### What you have to do
Write the listing out once more, identical to the original but without pictures.

### Available data
----------

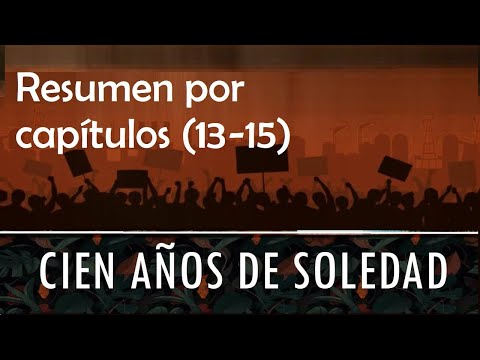Cien años de soledad -RESUMEN COMPLETO- Capítulos 13-15
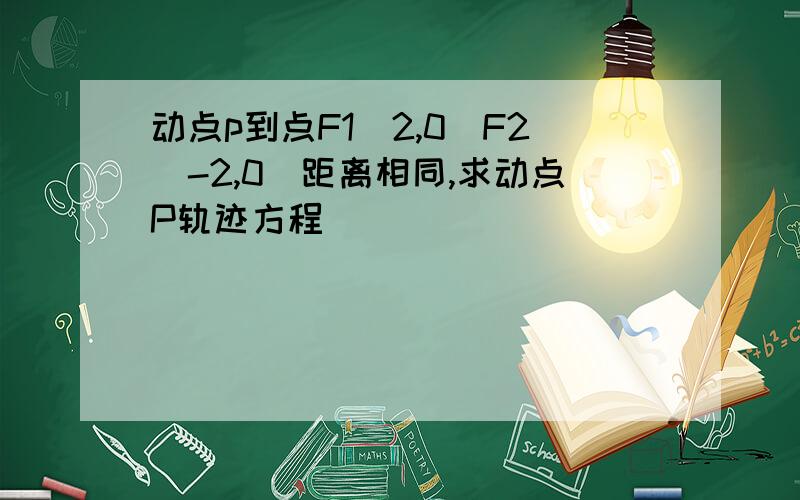 动点p到点F1（2,0）F2（-2,0）距离相同,求动点P轨迹方程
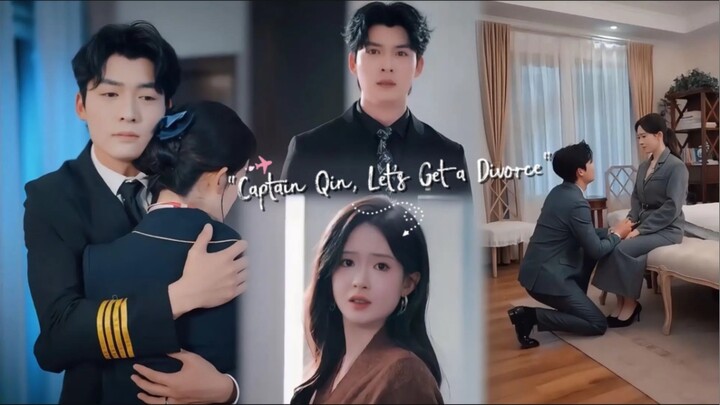 "Captain Qin, Let’s Get a Divorce"<>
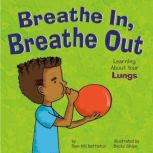 Breathe In, Breathe Out Learning About Your Lungs, Pamela Hill Nettleton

----------

### Response to this exercise
Cien años de soledad -RESUMEN COMPLETO- Capítulos 13-15
 动点p到点F1（2,0）F2（-2,0）距离相同,求动点P轨迹方程
 "Captain Qin, Let’s Get a Divorce"<>
 Breathe In, Breathe Out Learning About Your Lungs, Pamela Hill Nettleton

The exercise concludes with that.